When they returned to the sitting-room, Benjoy was explaining the mechanism of the lock to Veronica. Eddis was reading his manual of police training to Stranack.

“I take it, Inspector,” said Eddis, “that no report will be issued until you have completed your tests.”

“There isn't going to be a report,” answered Curwen. “It's your turn next.”

“I shall give you very little trouble.” His tone conveyed reproof. “I have only to repeat that I neither admit nor deny that a woman was present at the relevant time when I was myself in the lockhouse.”

Curwen controlled his annoyance.

“Please yourself! I'd like to know what chance you think that leaves you of proving your innocence.”

“None whatever,” answered Eddis. “I perceive no obligation to prove my innocence. My colleague, Stranack, takes a different view of his position and is interested in your experiment.” He turned to Stranack. “I think the Inspector is waiting for you to give your demonstration.”

Curwen could not deny that he was waiting. Before he could think up a dignified snub for Eddis, Stranack had taken the floor.

“I also will begin with the sound of the Ford engine.” He picked up
The Prattler
which Curwen had placed on the settee, rolled it and moved it like a baton while he was speaking. “But I'll have to give you a bit of background first. I was in a black mood—with WillyBee Products—with myself—with my two colleagues. I was angry because I was odd man out. It was my idea to go to the depot and raid our own papers and I was disappointed.

“When I heard the engine, I told myself not to be an ass. I decided to go fishing. I took a rod off the rack. As I went out, the line swung loose—the hook caught on something and the gut snapped. I fitted another, outside. I took longer over it than usual and began to get irritable again. I couldn't bore myself with fishing. I left the rod against the wall of the house and came back into this room.

“This thing—” he brandished the glossy “—caught my eye. It was on the settee—in much the same position as it was when I picked it up just now. I flung myself on the settee—I'll do the flinging presently … Jill, you'll help me, too, won't you?”

“I'm helping the Inspector,” answered Jill with unwonted primness.

“I'll take that the kind way. Will you go outside and stand by that bow window—the one on the left, dead centre, looking as if a snapshot had been taken of you on your way to the door? When I call to you, walk on, knock on the door and wait for an answer.”

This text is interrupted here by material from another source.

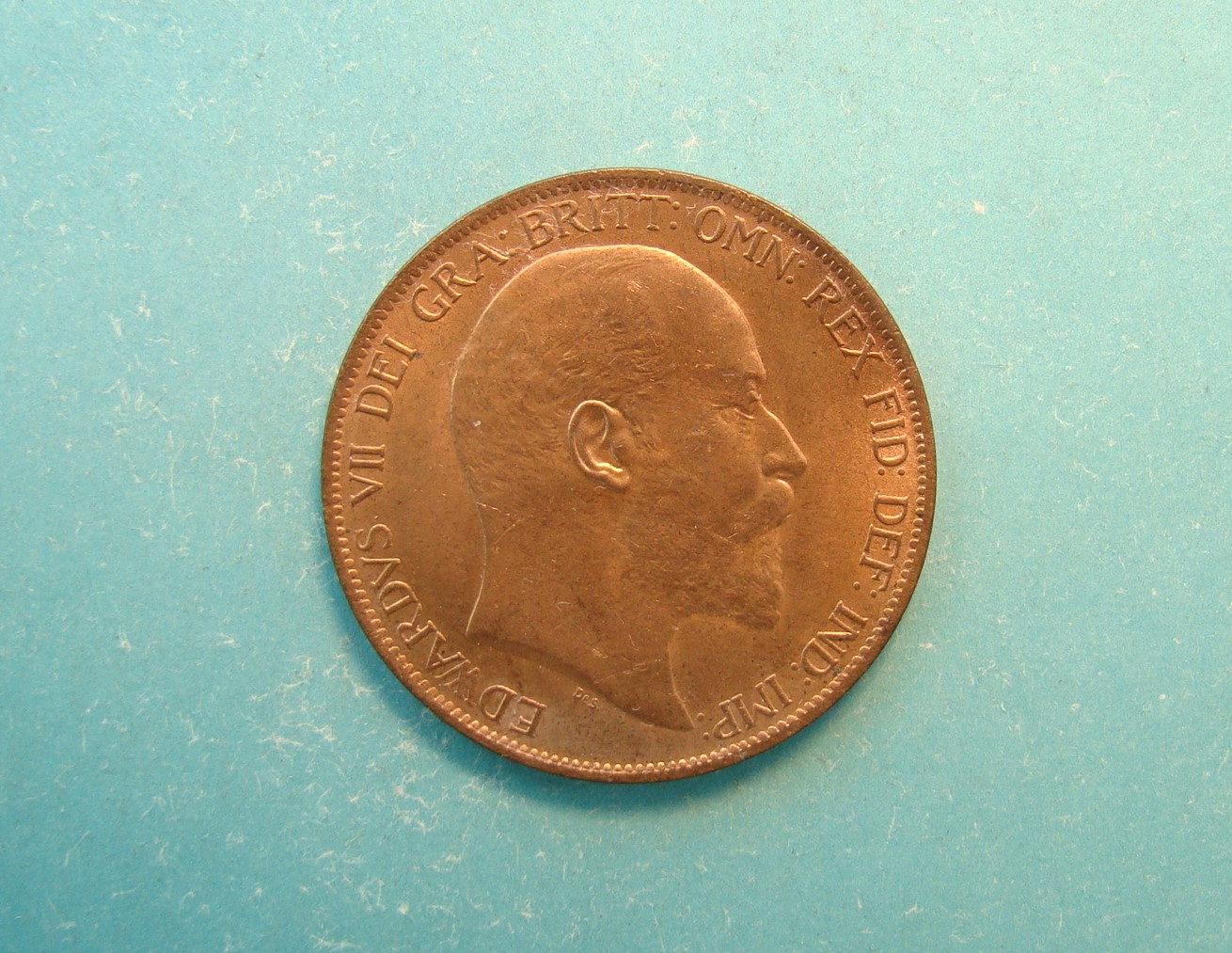 Edward VII, 1902, Pence - Image 1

He dropped the glossy onto the settee, then followed her to the door of the sitting-room and waited until she was seen in profile at the window.

“Now! I've just come in after leaving the rod.” In exaggerated mime of a man in a bad temper he strode into the room, caught sight of
The Prattler
snatched it and flung himself on the settee, facing the back of the room.

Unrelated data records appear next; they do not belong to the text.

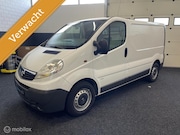 Opel Vivaro - bestel 2.0i L1H1/ MARGE /Trekhaak/Nwe apk
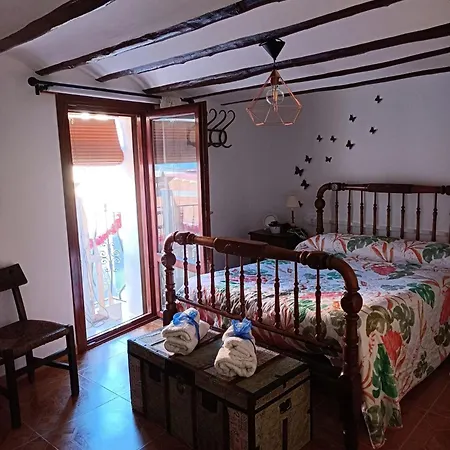 Casa Azafran Holiday home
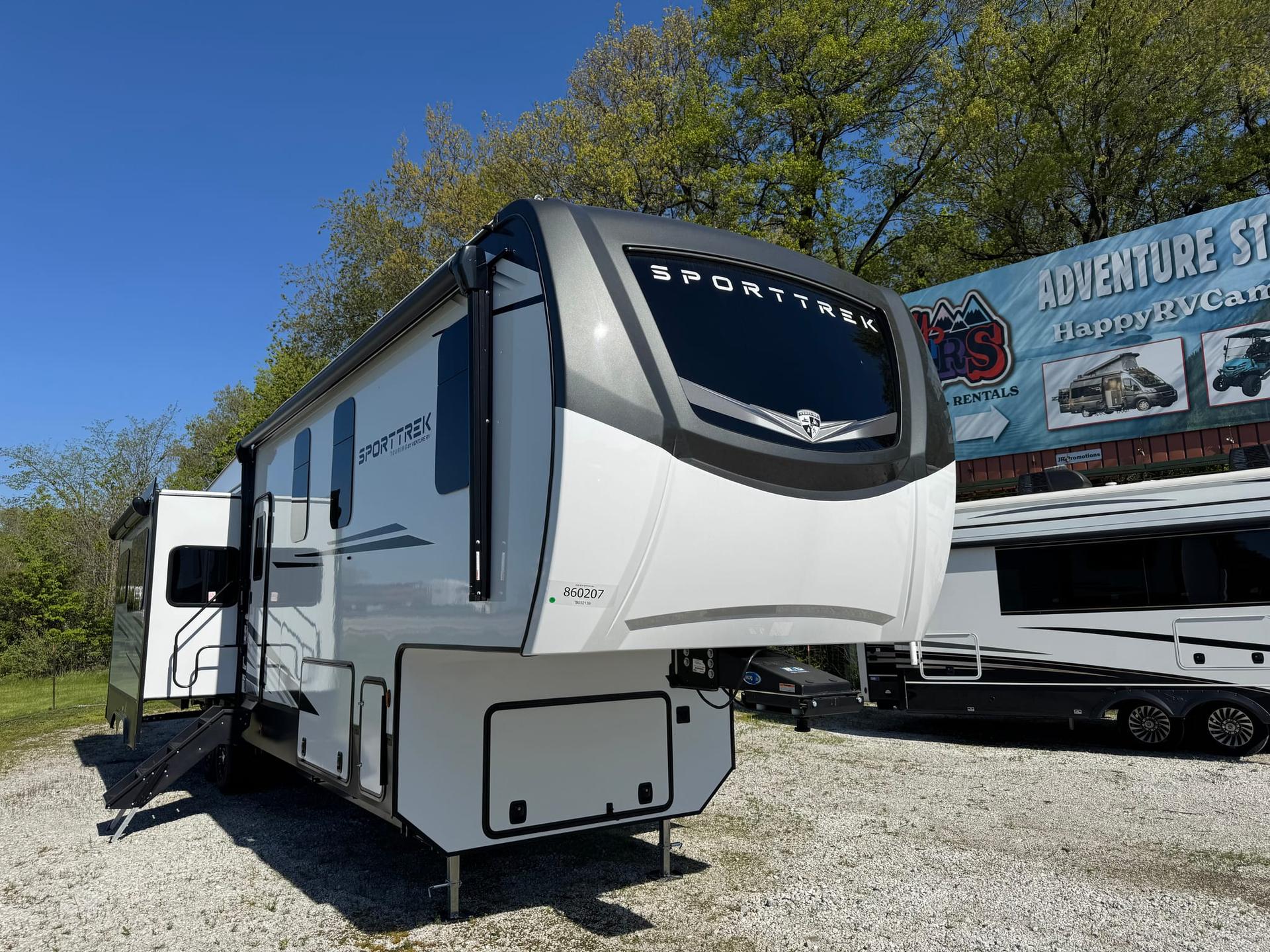 2026 Venture RV SportTrek Touring Edition STTF354VBH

“This thing opened at Mrs. Brengast's photograph, because it had been bent back at that page when we were all looking at it. The beauty of that photograph—” he stopped miming, to smile elaborately at Veronica. “The beauty of that photograph fanned up my feeling against WillyBee Products, so that I sort of began to hate the photograph as well. I tried to read other bits, but I kept turning back to it … I say, Inspector, you don't mind if I damage this copy of yours, do you?”

“Eh?” Curwen was startled. “All right! Do what you like.”

“Remember I was very hard up, being badgered for small bills. I identified this lovely face and these enormously expensive clothes with my troubles. And—I behaved like an hysterical schoolboy.”

With the last words he tore a page from the journal, folded and re-tore the folds twice.

“All at once I saw a girl at the window. Instantly, I—”

“Stop!” ordered Curwen. “You saw a girl at the window when your back was to the window?”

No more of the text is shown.